• WORK TASK
Repeat the entries that appear below, exactly and in full.
Segment Start: INPUT RECORDS
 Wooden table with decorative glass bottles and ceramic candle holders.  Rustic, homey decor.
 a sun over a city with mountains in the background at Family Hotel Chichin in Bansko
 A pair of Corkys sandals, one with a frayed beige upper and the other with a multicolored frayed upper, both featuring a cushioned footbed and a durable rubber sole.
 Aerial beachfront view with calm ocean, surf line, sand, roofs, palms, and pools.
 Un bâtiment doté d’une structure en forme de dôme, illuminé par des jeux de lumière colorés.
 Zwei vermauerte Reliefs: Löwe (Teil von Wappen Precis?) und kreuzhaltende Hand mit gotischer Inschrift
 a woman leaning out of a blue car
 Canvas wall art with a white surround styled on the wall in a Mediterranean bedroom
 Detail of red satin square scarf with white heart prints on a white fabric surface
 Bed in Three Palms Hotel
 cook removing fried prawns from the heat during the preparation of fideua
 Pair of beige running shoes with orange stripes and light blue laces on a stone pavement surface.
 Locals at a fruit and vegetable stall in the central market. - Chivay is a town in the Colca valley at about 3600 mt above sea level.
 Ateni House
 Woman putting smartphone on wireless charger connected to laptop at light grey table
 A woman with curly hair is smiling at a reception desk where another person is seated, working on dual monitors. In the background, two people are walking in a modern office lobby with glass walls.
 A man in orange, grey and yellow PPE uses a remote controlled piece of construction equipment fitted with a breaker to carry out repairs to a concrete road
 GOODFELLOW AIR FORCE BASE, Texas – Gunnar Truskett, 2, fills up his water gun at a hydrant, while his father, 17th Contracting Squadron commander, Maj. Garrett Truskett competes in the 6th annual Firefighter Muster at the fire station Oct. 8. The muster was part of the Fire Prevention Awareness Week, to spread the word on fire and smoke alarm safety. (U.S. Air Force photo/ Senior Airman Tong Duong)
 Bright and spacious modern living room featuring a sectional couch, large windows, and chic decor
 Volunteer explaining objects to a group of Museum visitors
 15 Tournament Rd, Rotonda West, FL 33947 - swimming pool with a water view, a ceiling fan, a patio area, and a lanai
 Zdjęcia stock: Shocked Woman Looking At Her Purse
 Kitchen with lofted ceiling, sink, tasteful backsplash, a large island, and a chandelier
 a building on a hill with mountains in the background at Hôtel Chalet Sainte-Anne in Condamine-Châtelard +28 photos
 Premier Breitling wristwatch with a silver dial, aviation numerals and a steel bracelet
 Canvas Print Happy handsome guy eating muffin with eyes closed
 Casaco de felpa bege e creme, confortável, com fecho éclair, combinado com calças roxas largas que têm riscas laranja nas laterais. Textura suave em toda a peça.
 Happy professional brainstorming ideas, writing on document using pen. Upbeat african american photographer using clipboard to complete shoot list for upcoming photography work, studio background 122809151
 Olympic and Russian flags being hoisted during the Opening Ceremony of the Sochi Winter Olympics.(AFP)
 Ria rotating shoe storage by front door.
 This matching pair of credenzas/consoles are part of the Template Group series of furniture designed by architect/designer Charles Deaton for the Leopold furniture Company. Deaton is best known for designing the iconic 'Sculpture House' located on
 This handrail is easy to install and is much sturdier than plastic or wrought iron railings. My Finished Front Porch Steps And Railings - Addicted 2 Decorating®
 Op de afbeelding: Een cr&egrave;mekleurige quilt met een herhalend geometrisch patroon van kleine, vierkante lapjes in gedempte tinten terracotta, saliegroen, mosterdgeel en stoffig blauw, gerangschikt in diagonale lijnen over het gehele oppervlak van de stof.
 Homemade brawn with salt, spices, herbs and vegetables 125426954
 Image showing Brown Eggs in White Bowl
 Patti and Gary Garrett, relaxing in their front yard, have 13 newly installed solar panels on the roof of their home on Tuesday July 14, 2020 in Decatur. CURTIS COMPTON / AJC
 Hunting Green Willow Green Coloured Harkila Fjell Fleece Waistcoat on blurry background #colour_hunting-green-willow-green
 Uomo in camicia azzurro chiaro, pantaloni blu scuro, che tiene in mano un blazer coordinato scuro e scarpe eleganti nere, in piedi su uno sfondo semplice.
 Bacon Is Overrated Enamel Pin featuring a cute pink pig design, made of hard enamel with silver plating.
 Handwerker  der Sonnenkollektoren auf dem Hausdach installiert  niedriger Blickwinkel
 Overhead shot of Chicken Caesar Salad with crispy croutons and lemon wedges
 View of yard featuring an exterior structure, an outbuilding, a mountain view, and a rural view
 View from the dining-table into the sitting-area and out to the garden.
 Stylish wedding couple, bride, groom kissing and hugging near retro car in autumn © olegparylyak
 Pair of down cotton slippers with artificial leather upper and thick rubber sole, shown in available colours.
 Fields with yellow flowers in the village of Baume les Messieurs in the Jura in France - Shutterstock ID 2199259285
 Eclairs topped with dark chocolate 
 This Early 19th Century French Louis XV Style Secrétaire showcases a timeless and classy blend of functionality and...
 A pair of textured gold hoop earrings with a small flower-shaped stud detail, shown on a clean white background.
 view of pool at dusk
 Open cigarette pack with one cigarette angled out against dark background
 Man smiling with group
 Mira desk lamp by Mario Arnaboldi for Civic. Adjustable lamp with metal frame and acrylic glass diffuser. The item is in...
Segment End: INPUT RECORDS
• PROBLEM SOLUTION
 Wooden table with decorative glass bottles and ceramic candle holders.  Rustic, homey decor.
 a sun over a city with mountains in the background at Family Hotel Chichin in Bansko
 A pair of Corkys sandals, one with a frayed beige upper and the other with a multicolored frayed upper, both featuring a cushioned footbed and a durable rubber sole.
 Aerial beachfront view with calm ocean, surf line, sand, roofs, palms, and pools.
 Un bâtiment doté d’une structure en forme de dôme, illuminé par des jeux de lumière colorés.
 Zwei vermauerte Reliefs: Löwe (Teil von Wappen Precis?) und kreuzhaltende Hand mit gotischer Inschrift
 a woman leaning out of a blue car
 Canvas wall art with a white surround styled on the wall in a Mediterranean bedroom
 Detail of red satin square scarf with white heart prints on a white fabric surface
 Bed in Three Palms Hotel
 cook removing fried prawns from the heat during the preparation of fideua
 Pair of beige running shoes with orange stripes and light blue laces on a stone pavement surface.
 Locals at a fruit and vegetable stall in the central market. - Chivay is a town in the Colca valley at about 3600 mt above sea level.
 Ateni House
 Woman putting smartphone on wireless charger connected to laptop at light grey table
 A woman with curly hair is smiling at a reception desk where another person is seated, working on dual monitors. In the background, two people are walking in a modern office lobby with glass walls.
 A man in orange, grey and yellow PPE uses a remote controlled piece of construction equipment fitted with a breaker to carry out repairs to a concrete road
 GOODFELLOW AIR FORCE BASE, Texas – Gunnar Truskett, 2, fills up his water gun at a hydrant, while his father, 17th Contracting Squadron commander, Maj. Garrett Truskett competes in the 6th annual Firefighter Muster at the fire station Oct. 8. The muster was part of the Fire Prevention Awareness Week, to spread the word on fire and smoke alarm safety. (U.S. Air Force photo/ Senior Airman Tong Duong)
 Bright and spacious modern living room featuring a sectional couch, large windows, and chic decor
 Volunteer explaining objects to a group of Museum visitors
 15 Tournament Rd, Rotonda West, FL 33947 - swimming pool with a water view, a ceiling fan, a patio area, and a lanai
 Zdjęcia stock: Shocked Woman Looking At Her Purse
 Kitchen with lofted ceiling, sink, tasteful backsplash, a large island, and a chandelier
 a building on a hill with mountains in the background at Hôtel Chalet Sainte-Anne in Condamine-Châtelard +28 photos
 Premier Breitling wristwatch with a silver dial, aviation numerals and a steel bracelet
 Canvas Print Happy handsome guy eating muffin with eyes closed
 Casaco de felpa bege e creme, confortável, com fecho éclair, combinado com calças roxas largas que têm riscas laranja nas laterais. Textura suave em toda a peça.
 Happy professional brainstorming ideas, writing on document using pen. Upbeat african american photographer using clipboard to complete shoot list for upcoming photography work, studio background 122809151
 Olympic and Russian flags being hoisted during the Opening Ceremony of the Sochi Winter Olympics.(AFP)
 Ria rotating shoe storage by front door.
 This matching pair of credenzas/consoles are part of the Template Group series of furniture designed by architect/designer Charles Deaton for the Leopold furniture Company. Deaton is best known for designing the iconic 'Sculpture House' located on
 This handrail is easy to install and is much sturdier than plastic or wrought iron railings. My Finished Front Porch Steps And Railings - Addicted 2 Decorating®
 Op de afbeelding: Een cr&egrave;mekleurige quilt met een herhalend geometrisch patroon van kleine, vierkante lapjes in gedempte tinten terracotta, saliegroen, mosterdgeel en stoffig blauw, gerangschikt in diagonale lijnen over het gehele oppervlak van de stof.
 Homemade brawn with salt, spices, herbs and vegetables 125426954
 Image showing Brown Eggs in White Bowl
 Patti and Gary Garrett, relaxing in their front yard, have 13 newly installed solar panels on the roof of their home on Tuesday July 14, 2020 in Decatur. CURTIS COMPTON / AJC
 Hunting Green Willow Green Coloured Harkila Fjell Fleece Waistcoat on blurry background #colour_hunting-green-willow-green
 Uomo in camicia azzurro chiaro, pantaloni blu scuro, che tiene in mano un blazer coordinato scuro e scarpe eleganti nere, in piedi su uno sfondo semplice.
 Bacon Is Overrated Enamel Pin featuring a cute pink pig design, made of hard enamel with silver plating.
 Handwerker  der Sonnenkollektoren auf dem Hausdach installiert  niedriger Blickwinkel
 Overhead shot of Chicken Caesar Salad with crispy croutons and lemon wedges
 View of yard featuring an exterior structure, an outbuilding, a mountain view, and a rural view
 View from the dining-table into the sitting-area and out to the garden.
 Stylish wedding couple, bride, groom kissing and hugging near retro car in autumn © olegparylyak
 Pair of down cotton slippers with artificial leather upper and thick rubber sole, shown in available colours.
 Fields with yellow flowers in the village of Baume les Messieurs in the Jura in France - Shutterstock ID 2199259285
 Eclairs topped with dark chocolate 
 This Early 19th Century French Louis XV Style Secrétaire showcases a timeless and classy blend of functionality and...
 A pair of textured gold hoop earrings with a small flower-shaped stud detail, shown on a clean white background.
 view of pool at dusk
 Open cigarette pack with one cigarette angled out against dark background
 Man smiling with group
 Mira desk lamp by Mario Arnaboldi for Civic. Adjustable lamp with metal frame and acrylic glass diffuser. The item is in...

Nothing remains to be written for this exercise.